Hyundai will use the money, expected to be about $200 million, to buy three-year corporate bonds issued by ailing Hyundai Engineering & Construction Co.
“We sincerely apologize for causing concerns to the people and stockholders,” Kim Jae Soo, head of Hyundai’s corporate restructuring committee, said at a news conference. “We will faithfully restructure to earn back the market trust.”
The company’s founder will keep a 3% stake in Hyundai Motor, he said.
The sale of the stake would clear the way for Hyundai Motor to be separated from the Hyundai Group and become an independent company, speeding restructuring and easing the cash crunch at Hyundai Engineering, Kim said.
A typical South Korean conglomerate, is a network of several dozen affiliates interlocked through cross-funding.
By holding large chunks of shares in a few key companies, families influence the entire business group. Fathers place sons in key management posts.
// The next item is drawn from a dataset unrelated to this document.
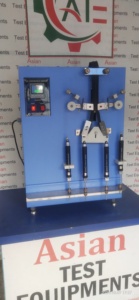 Châu Á tốt nhất Độ chính xác Zip độ bền Tester dây kéo Thiết bị kiểm tra dây kéo qua lại độ bền Túi mệt mỏi dây kéo kéo mệt mỏi - Product Image 5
The conglomerates recklessly expanded through cheap loans obtained by collusive relations with past military-backed governments during the nation’s boom years, until the 1980s.
But sales failed to meet investment when the nation was struck by the regional financial crisis in 1997, and some of the weaker ones collapsed, forcing South Korea to accept a $58-billion bailout from the International Monetary Fund.
President Kim Dae Jung’s administration has pledged to restructure the nation’s finance sector and the conglomerates. The Financial Supervisory Commission, watchdog for corporate restructuring, welcomed Sunday’s announcement.